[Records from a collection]
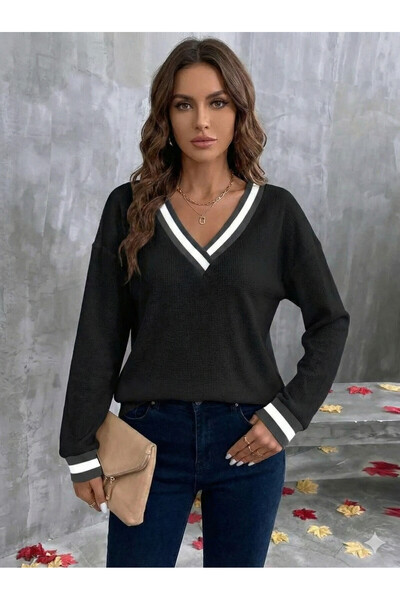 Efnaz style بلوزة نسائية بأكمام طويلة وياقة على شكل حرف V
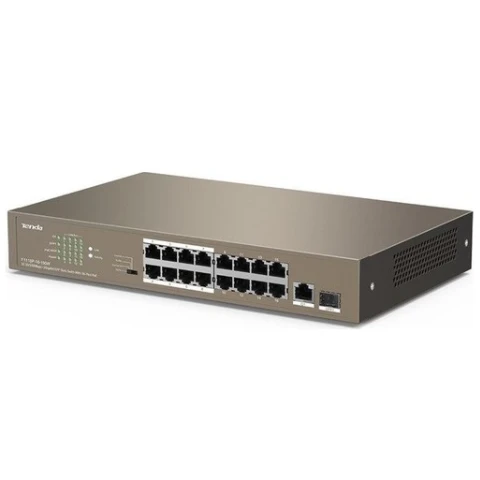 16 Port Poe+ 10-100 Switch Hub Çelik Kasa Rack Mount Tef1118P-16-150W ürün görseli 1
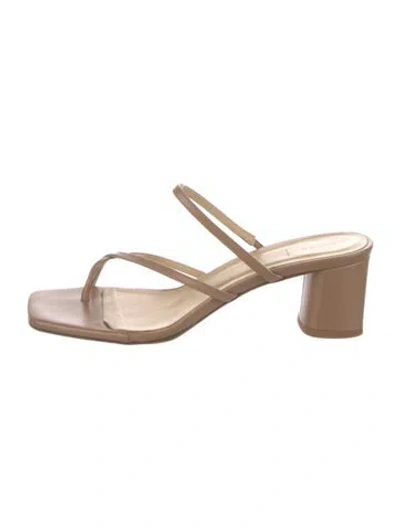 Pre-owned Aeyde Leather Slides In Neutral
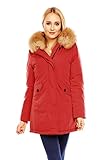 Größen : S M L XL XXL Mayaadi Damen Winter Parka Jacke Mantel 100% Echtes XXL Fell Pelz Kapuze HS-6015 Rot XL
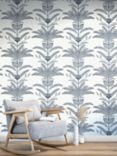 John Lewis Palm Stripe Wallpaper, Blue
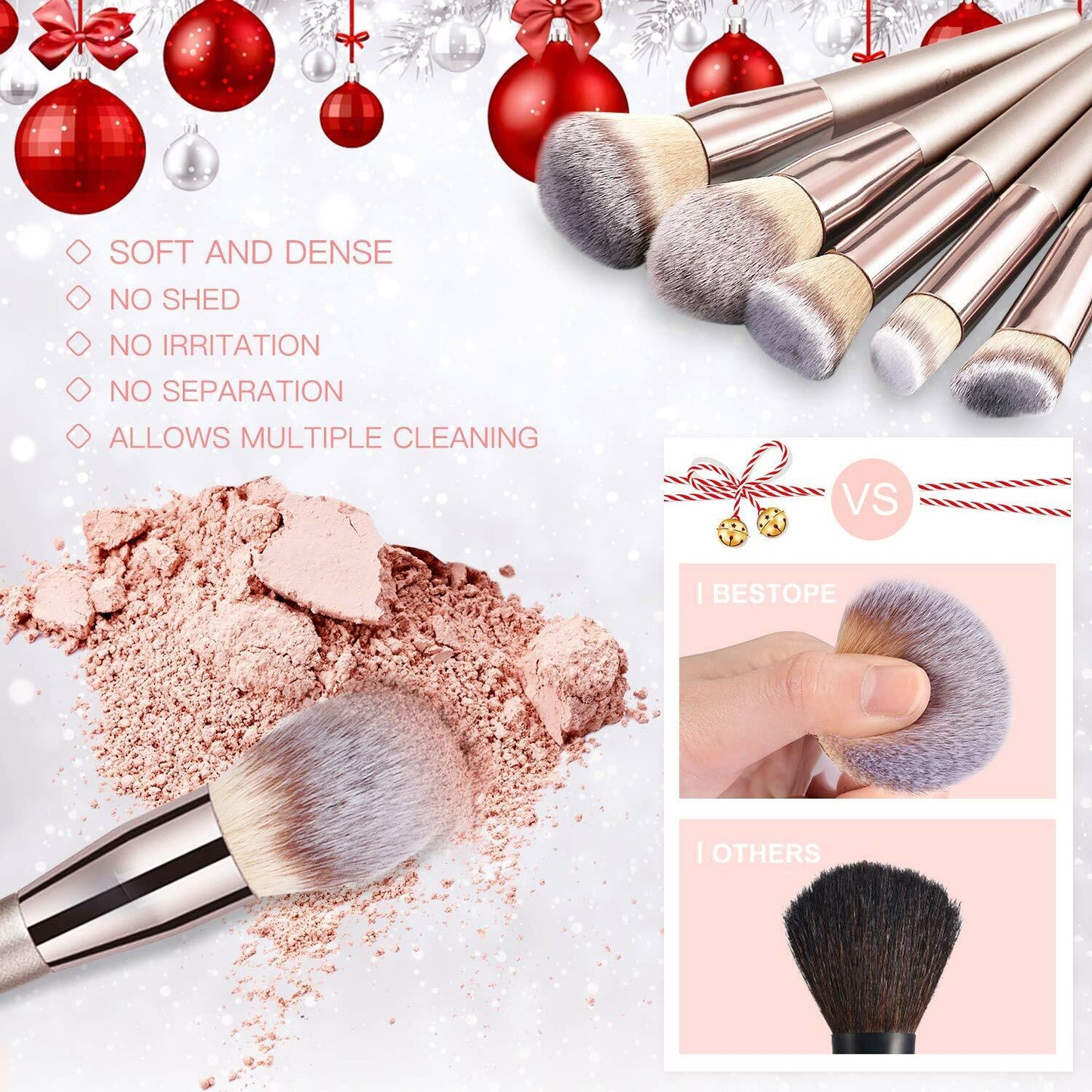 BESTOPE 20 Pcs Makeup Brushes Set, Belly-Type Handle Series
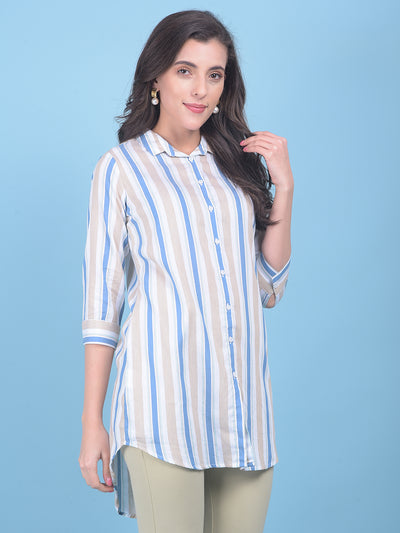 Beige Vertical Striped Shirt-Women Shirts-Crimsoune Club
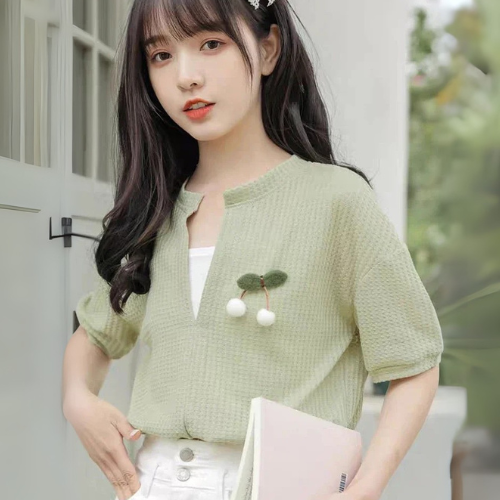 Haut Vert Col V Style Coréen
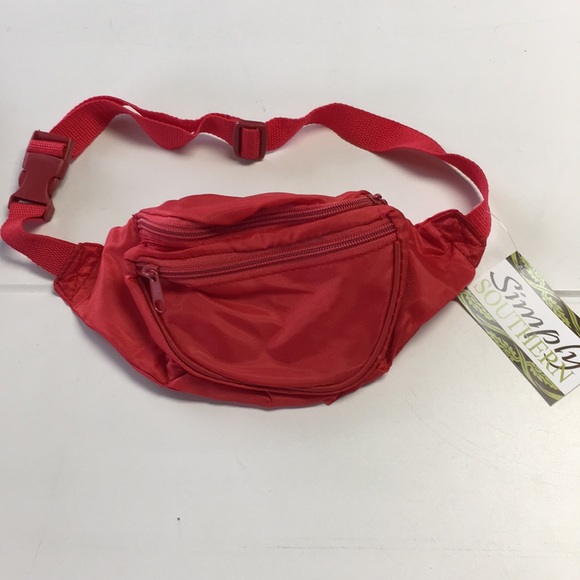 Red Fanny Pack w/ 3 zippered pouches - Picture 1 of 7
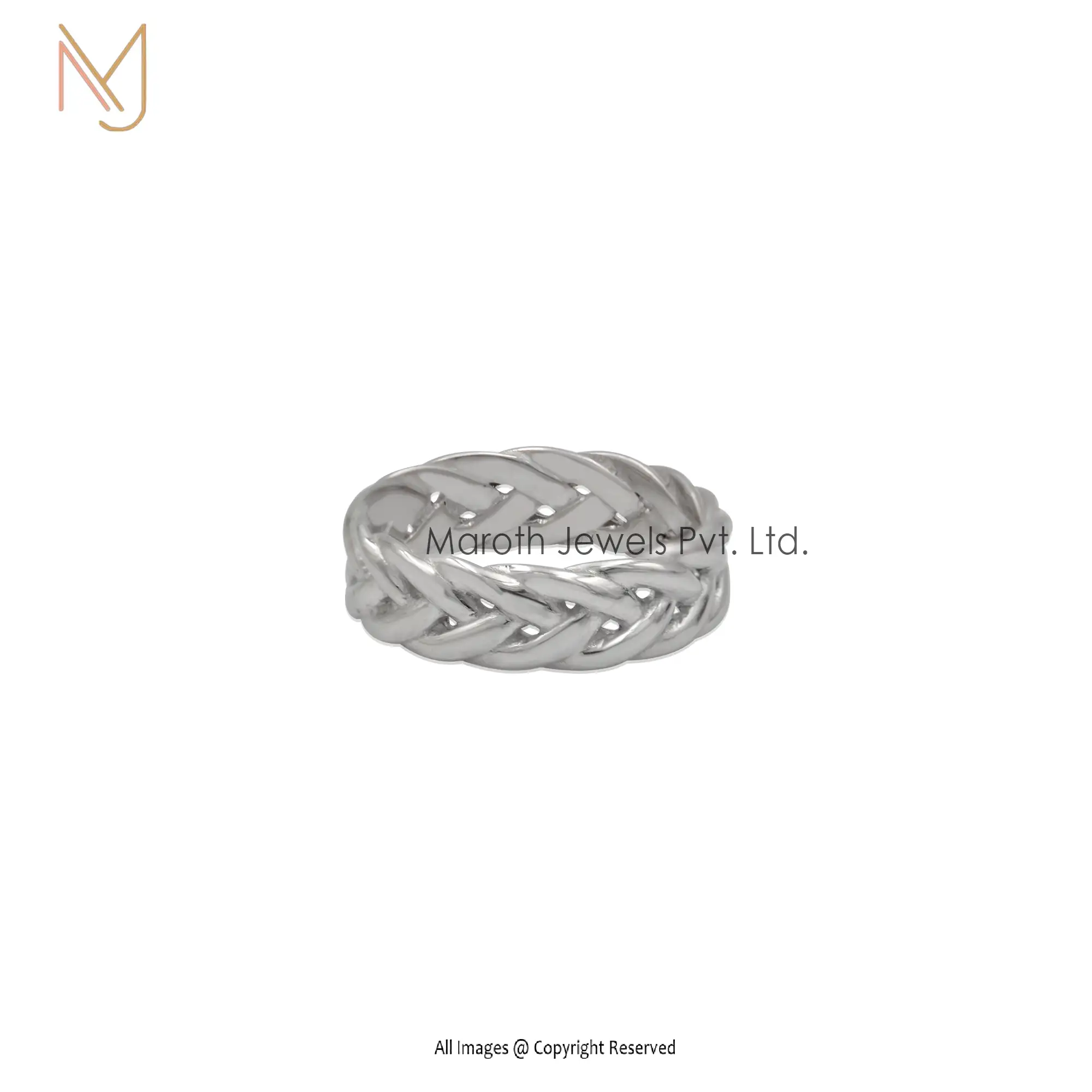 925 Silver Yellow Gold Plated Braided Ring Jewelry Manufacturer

# What you are asked to do:
With pictures left out, transcribe each line from the one containing "Größen : S M" through the end of the data, both ends included.

# Output for this exercise:
 Größen : S M L XL XXL Mayaadi Damen Winter Parka Jacke Mantel 100% Echtes XXL Fell Pelz Kapuze HS-6015 Rot XL
 John Lewis Palm Stripe Wallpaper, Blue
 BESTOPE 20 Pcs Makeup Brushes Set, Belly-Type Handle Series
 Beige Vertical Striped Shirt-Women Shirts-Crimsoune Club
 Haut Vert Col V Style Coréen
 Red Fanny Pack w/ 3 zippered pouches - Picture 1 of 7
 925 Silver Yellow Gold Plated Braided Ring Jewelry Manufacturer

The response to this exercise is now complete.